The Japanese Center in Berlin (JDZB) is hosting a presentation on Japan’s planned contribution to the 17th International Architecture Exhibition La Biennale di Venezia that is scheduled to open in May 2021. The livestream lecture and discussion are scheduled for November 19, when curator Kozo Kadowaki and exhibition designers Jo Nagasaka and Ryoko Iwase will explain their proposal. 

Kozo Kadowaki, professor at Meiji University, came up with the concept, "Co-Ownership of Action: Trajectories of Elements." It involves disassembling a small house in Tokyo and shipping it to the Venetian Lagoon, where it will be displayed in the Japanese pavilion — but not reassembled. The idea refers to the World expositions of the 19th century, when it was not uncommon to show an exotic/ethnic architecture in full scale. But there is a distinction: It is not a temple or important villa that gets sent across the ocean; it is a perfectly ordinary postwar-era house. Functioning like an architectural vivisection, it is intended, says Kadowaki, that "the additions and renovations reveal the drama of life, and the transformations and distortions of modern Japanese society."

The pavilion in the Giardini is a beautiful structure, designed by Takamasa Yoshizaka in 1956 and featuring a raised gallery sheltering an outdoor space. In 1996 and 2012 Japan won the Golden Lion for the best national participation, plus a special mention in 2016, so the stakes are high.

The wooden house to be transported to Venice (Photo Ⓒ Jan Vranovský)

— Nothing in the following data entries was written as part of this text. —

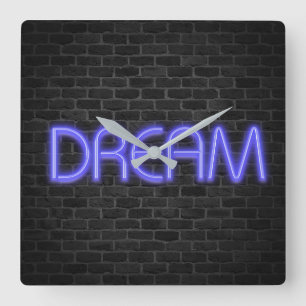 DREAM text in neon lights on brick Square Wall Clo Clock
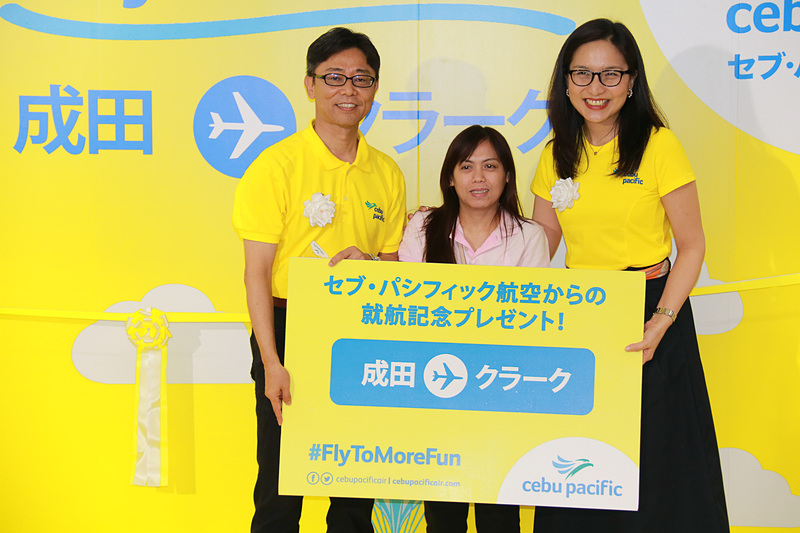5J5069便の搭乗手続き1番の搭乗者を表彰して、セブ・パシフィック航空のイヨグ氏と松本氏から「またセブ・パシフィック航空に乗ってクラークに行ってほしいから」と航空券をプレゼント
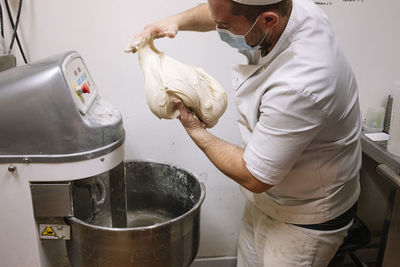 Mid adult chef preparing dough for bread by electric mixer in bakery during covid-19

Wooden houses like these are commonplace in Japan. "One consequence of the country’s declining population is a large number of houses that await demolition," says Kadowaki. Once in Venice, the house will not retain its original form. Having been dismantled to fit into containers, its elements will find new uses: as display walls, benches, projection screens. Elements will be lost in the course of dismantling, shipping, and reassembling. The architects from Japan who travel to Venice to revive and rebuild the house will compensate for its missing elements with new or locally obtained materials. 

But the collaboration will not be "complete." The work continues for the duration of the exhibition. "What we will be displaying is the process by which architects and artisans collaborate to produce a chimera-like installation that combines old and new materials."

Kadowaki, third from left, during a meeting in the warehouse where demolition materials were stored (Photo Ⓒ Jan Vranovský)

RADIKAL MODERN_04: Co-Ownership of Action will take place on November 19, when Kadowaki will discuss his plans together with exhibition designers Jo Nagasaka from Schemata Architects and Ryoko Iwase, who has an eponymous studio in Tokyo. They will be accompanied by German hosts Heike Hanada (Technical University of Dortmund) and Jörg Gleiter (Technical University of Berlin) as part of JDZB’s Radikal Modern_04 series.

Concept drawing (Image © DDAA + villageⓇ)

Commissioner for "Co-Ownership of Action: Trajectories of Elements" is The Japan Foundation. The opening party in Venice is scheduled for May 20, 2021, at 3pm.